#### [Task goal]
Take the data below and copy exactly the lines starting at the one with "Runner Photo 6797284" and finishing at the one with "135 Agua Azul Bnd, Kyle, TX 78640", both included.

#### [Provided data]
----------
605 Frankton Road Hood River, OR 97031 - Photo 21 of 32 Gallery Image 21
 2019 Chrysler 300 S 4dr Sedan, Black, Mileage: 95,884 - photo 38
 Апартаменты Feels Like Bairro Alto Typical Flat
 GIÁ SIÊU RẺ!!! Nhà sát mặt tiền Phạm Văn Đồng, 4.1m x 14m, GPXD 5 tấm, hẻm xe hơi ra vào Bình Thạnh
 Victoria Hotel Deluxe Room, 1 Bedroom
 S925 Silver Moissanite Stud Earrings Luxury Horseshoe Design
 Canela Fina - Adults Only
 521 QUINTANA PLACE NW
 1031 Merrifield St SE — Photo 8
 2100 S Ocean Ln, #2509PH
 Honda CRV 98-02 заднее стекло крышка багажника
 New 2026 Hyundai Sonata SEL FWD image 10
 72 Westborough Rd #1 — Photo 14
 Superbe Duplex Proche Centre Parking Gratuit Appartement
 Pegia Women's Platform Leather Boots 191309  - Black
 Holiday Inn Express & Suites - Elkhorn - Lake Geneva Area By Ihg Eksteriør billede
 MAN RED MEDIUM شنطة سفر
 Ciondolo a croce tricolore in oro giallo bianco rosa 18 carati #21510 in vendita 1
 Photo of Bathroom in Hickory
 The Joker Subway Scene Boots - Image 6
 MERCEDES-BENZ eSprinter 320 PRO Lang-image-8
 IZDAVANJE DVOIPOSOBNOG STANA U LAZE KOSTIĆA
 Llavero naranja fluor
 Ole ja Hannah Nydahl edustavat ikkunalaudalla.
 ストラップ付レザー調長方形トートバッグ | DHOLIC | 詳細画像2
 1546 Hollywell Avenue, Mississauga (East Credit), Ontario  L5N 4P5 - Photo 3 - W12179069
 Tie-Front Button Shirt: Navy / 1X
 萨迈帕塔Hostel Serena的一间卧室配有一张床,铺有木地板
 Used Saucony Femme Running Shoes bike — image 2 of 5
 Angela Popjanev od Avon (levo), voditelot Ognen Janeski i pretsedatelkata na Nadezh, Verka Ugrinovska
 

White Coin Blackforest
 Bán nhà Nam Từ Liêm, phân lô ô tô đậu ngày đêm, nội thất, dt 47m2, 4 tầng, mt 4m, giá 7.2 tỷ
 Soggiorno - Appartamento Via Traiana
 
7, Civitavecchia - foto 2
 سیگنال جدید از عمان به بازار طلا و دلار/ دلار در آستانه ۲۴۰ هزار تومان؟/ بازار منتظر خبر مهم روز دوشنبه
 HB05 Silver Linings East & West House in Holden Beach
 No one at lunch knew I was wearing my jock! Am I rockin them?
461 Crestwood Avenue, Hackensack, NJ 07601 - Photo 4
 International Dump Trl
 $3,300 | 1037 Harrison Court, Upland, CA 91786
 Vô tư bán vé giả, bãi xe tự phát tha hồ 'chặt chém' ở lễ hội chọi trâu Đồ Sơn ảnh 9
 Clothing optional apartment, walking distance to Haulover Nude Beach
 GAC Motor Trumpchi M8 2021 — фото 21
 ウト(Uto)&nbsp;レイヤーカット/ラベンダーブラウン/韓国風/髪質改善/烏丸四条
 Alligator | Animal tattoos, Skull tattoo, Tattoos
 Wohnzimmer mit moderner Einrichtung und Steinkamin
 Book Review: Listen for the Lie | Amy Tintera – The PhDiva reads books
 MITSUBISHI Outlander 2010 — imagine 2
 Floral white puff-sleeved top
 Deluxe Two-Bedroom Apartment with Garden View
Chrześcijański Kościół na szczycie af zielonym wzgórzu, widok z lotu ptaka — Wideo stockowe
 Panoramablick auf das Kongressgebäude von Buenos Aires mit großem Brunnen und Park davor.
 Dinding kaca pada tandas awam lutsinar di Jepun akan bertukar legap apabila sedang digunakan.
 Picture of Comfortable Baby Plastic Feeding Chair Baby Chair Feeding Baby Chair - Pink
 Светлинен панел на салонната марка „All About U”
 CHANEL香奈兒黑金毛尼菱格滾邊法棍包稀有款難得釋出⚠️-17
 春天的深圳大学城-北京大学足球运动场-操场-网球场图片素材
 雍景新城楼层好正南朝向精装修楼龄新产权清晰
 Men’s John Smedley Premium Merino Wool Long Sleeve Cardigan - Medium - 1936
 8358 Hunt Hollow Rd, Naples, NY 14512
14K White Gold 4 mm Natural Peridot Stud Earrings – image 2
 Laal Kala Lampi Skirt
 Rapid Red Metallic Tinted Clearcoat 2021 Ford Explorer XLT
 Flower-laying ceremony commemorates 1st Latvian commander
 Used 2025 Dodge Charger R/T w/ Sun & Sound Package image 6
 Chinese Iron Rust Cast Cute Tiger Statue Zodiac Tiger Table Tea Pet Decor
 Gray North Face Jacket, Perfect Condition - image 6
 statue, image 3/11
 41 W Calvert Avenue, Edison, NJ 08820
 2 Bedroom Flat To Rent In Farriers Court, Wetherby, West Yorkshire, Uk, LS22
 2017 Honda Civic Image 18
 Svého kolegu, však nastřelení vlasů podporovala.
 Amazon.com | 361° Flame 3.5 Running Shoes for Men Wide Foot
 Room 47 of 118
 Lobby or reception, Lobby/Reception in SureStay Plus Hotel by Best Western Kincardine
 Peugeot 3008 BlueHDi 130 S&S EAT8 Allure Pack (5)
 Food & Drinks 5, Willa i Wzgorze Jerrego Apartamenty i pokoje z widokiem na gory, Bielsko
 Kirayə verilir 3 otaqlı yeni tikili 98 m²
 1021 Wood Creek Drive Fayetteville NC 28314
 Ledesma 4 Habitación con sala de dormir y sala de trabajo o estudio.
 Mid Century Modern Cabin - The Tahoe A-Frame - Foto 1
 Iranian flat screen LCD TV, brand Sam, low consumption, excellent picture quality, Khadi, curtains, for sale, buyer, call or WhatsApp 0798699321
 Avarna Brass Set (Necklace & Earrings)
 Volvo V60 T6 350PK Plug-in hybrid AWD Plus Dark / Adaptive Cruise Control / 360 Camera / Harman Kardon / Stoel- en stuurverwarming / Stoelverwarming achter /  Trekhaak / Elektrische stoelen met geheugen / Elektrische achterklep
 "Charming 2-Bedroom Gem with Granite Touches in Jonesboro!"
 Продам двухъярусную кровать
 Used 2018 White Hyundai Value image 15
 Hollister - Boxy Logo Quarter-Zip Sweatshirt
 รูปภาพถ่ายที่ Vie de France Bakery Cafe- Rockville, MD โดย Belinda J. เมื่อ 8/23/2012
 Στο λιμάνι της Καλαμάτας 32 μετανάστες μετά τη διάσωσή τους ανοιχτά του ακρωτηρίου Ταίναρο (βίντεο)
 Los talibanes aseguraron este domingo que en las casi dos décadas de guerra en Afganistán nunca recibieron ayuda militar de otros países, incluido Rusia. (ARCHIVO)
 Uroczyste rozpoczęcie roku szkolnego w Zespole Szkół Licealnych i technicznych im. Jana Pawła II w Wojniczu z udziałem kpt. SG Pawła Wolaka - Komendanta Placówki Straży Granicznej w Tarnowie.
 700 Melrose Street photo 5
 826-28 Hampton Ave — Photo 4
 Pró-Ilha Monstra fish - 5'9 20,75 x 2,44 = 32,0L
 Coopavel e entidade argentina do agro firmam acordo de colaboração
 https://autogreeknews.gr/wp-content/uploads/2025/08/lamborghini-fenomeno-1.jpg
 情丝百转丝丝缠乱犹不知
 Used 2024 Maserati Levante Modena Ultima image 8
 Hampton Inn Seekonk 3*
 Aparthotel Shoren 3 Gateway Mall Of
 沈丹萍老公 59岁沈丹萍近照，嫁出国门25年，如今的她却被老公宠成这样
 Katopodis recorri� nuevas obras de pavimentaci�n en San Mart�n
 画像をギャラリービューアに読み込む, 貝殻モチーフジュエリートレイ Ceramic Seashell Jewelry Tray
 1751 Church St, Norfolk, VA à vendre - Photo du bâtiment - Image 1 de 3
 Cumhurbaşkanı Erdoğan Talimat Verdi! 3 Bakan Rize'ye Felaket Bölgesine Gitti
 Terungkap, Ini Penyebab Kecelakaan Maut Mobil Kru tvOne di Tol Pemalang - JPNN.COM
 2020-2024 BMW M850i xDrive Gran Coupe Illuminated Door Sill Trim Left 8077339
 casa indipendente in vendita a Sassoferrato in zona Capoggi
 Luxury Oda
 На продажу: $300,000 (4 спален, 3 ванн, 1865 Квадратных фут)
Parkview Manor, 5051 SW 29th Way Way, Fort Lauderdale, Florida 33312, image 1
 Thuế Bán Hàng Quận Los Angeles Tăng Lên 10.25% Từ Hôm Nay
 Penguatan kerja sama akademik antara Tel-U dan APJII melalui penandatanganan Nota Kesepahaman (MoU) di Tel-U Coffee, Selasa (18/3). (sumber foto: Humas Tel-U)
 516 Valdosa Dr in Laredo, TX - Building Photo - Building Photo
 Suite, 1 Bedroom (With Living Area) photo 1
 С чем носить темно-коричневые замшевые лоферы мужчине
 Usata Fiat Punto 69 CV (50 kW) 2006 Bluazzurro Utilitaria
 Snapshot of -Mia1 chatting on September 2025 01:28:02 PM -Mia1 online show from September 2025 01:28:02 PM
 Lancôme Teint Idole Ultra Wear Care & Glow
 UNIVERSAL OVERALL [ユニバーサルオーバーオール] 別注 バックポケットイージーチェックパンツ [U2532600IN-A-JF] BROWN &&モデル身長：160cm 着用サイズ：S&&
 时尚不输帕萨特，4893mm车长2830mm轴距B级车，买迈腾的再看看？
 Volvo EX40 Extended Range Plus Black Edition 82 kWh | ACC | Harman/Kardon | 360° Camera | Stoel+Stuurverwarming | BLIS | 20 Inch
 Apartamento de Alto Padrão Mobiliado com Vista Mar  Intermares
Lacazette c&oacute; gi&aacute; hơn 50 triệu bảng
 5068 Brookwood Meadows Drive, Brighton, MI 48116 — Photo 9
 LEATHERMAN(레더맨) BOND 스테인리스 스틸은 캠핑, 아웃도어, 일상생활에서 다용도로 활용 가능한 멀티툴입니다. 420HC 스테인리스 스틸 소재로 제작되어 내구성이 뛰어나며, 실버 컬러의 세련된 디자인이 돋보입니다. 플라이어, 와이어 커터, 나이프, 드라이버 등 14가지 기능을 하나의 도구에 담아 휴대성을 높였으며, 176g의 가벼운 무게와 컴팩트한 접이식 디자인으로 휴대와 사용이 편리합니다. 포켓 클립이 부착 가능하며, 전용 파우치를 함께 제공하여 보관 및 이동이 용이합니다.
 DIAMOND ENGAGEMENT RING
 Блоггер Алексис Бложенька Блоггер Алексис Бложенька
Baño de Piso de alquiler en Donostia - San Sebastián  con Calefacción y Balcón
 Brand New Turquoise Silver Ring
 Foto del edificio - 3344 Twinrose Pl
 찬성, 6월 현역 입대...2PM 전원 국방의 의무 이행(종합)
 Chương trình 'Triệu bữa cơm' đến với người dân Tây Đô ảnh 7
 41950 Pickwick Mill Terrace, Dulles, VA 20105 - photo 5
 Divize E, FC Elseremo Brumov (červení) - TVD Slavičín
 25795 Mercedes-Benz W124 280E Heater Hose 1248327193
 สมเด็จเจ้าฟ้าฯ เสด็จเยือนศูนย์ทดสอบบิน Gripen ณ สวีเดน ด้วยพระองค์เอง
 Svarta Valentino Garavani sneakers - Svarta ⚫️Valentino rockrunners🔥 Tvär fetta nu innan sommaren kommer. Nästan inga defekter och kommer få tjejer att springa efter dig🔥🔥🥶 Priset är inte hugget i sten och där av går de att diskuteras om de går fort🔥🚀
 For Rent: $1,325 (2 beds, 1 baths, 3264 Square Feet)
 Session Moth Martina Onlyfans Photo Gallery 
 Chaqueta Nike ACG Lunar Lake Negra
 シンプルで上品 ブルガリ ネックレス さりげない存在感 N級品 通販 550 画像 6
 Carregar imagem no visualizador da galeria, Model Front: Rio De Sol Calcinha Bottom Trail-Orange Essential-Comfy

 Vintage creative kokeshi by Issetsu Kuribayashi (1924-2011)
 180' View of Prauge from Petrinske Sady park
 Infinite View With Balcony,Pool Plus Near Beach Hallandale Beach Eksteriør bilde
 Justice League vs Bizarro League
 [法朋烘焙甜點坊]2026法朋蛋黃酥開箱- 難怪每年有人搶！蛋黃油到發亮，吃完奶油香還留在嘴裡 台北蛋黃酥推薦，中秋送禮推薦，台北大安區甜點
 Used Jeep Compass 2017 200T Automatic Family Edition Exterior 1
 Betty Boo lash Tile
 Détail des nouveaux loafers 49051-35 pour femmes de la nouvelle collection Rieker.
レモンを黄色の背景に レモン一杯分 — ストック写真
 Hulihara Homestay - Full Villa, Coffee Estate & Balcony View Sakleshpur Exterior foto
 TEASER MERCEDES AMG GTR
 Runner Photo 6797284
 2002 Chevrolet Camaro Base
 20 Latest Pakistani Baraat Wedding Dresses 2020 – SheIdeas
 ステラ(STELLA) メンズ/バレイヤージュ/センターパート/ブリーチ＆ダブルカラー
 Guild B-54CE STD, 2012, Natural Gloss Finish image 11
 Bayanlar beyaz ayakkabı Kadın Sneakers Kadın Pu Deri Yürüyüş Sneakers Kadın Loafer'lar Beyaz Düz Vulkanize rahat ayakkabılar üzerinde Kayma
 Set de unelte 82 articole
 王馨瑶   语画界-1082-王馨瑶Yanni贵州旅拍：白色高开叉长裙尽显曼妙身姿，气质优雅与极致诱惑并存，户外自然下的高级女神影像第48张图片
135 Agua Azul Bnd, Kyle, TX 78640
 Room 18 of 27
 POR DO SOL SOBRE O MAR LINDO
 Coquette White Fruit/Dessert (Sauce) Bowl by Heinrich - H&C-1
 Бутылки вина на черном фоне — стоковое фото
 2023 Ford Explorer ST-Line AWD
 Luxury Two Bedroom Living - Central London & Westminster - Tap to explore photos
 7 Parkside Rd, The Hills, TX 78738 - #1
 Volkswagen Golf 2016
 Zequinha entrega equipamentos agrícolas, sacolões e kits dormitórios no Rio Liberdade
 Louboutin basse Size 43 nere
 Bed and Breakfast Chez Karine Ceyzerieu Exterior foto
----------
#### [Task response]
 Runner Photo 6797284
 2002 Chevrolet Camaro Base
 20 Latest Pakistani Baraat Wedding Dresses 2020 – SheIdeas
 ステラ(STELLA) メンズ/バレイヤージュ/センターパート/ブリーチ＆ダブルカラー
 Guild B-54CE STD, 2012, Natural Gloss Finish image 11
 Bayanlar beyaz ayakkabı Kadın Sneakers Kadın Pu Deri Yürüyüş Sneakers Kadın Loafer'lar Beyaz Düz Vulkanize rahat ayakkabılar üzerinde Kayma
 Set de unelte 82 articole
 王馨瑶   语画界-1082-王馨瑶Yanni贵州旅拍：白色高开叉长裙尽显曼妙身姿，气质优雅与极致诱惑并存，户外自然下的高级女神影像第48张图片
135 Agua Azul Bnd, Kyle, TX 78640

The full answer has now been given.